Two girls were born to the Eckeys. By the 1970s Eckey retired and both he and his wife were living in a retirement home. Eddy and Mary both passed away in 1989 at the ages of 86 and 84 respectively in Cincinnati, Ohio.
Proctor and Gamble employed a number of outstanding scientists during the 1940 -1970s including ES Lutton, George Holman, Oscar Quimby, A.S. Richardson and Louis Going, all of which made significant contributions to fats and oils technology. However, the discovery of directed interesterification and its applications will stand as a classic contribution to edible oil processing and is still cited in review articles and the patent literature.
Notes and Further Reading
Other pioneers in Interesterification/modification of lard include Karl Mattil, Frank Norris, (US 2 625 478-483) Robert Vander Wal and Christian Van Loon. Mattil and Norris were employed at Swift and held a number of patents on rearranged lard, leading to Swiftning shortening. Van der Wal (US 2 571 315) played a key role in bringing Armour's rearranged lard to commercialization. (see" Lard scores again", Lloyd Slater, Food Eng.100, 72-73 1953) Vander Wal also made significant contributions to glyceride structure in formulating the 1, 3 random-2 random theory (JAOCS 37, 595, 1960) C.W. Van Loon is credited with the discovery of random interesterification (Dutch Patent 16,703 1927, US 1 873 513, 1932).

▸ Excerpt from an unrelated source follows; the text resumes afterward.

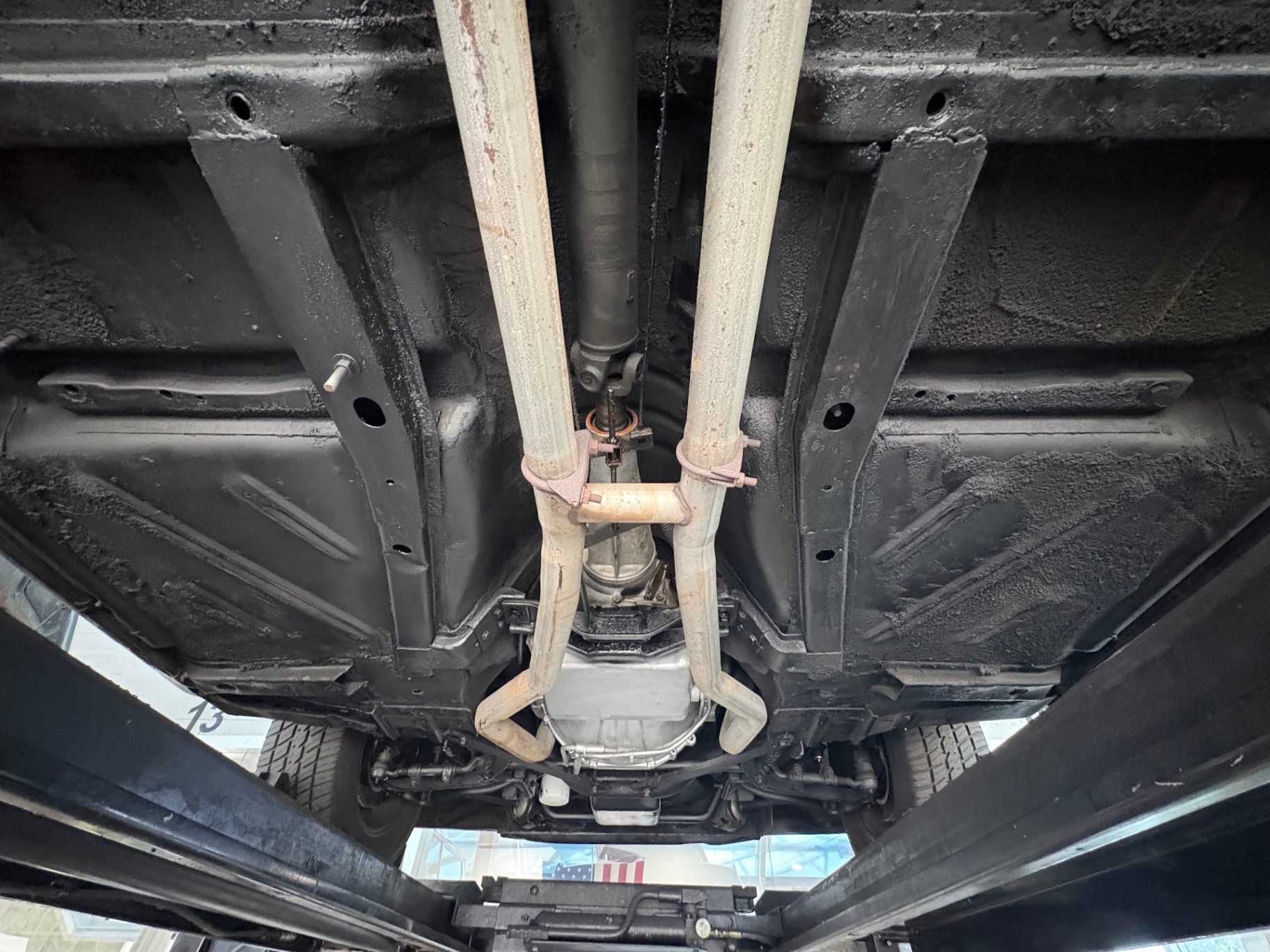 Vehicle photo 49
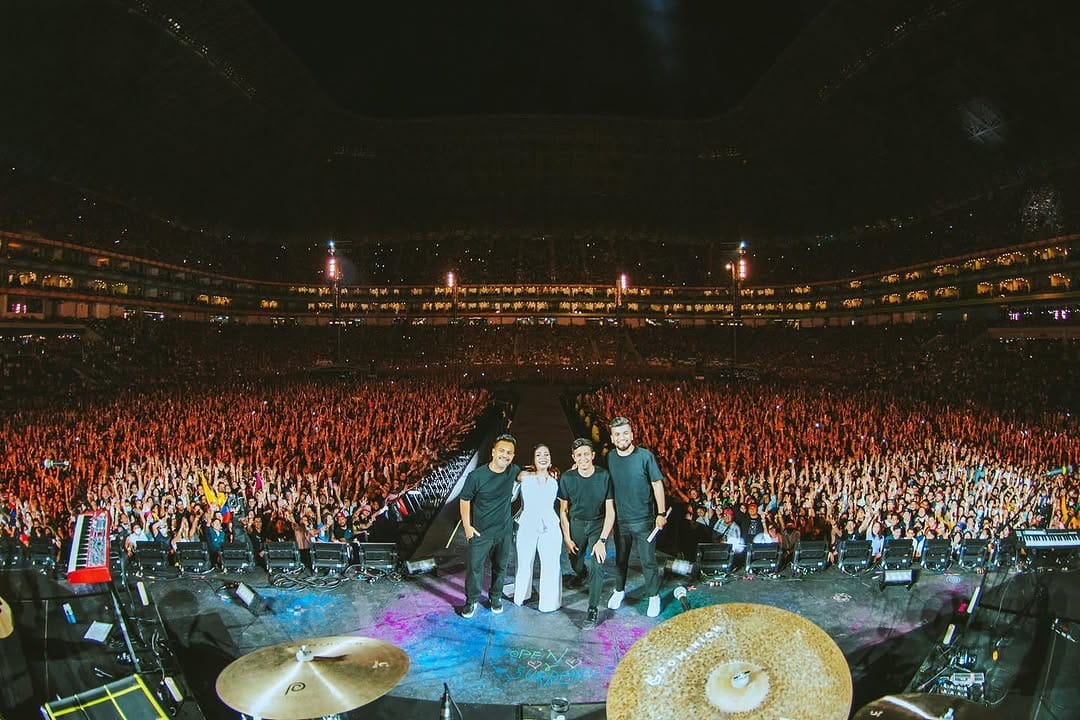 Post 10 by Sammy Felix  [🥁] on Instagram (image)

Armour's rearranged lard was never a retail product but was sold to the baking industry and was known as "R" lard.
The author is indebted to Dr. Joseph Endres who began his career at Armour in the early 1960s and furnished information on R lard. The assistance of Dr. Edward Hunter is gratefully acknowledged. He was able to contact the library in Cincinnati for details of Eckey's latter years including the history of the Eckey Lab.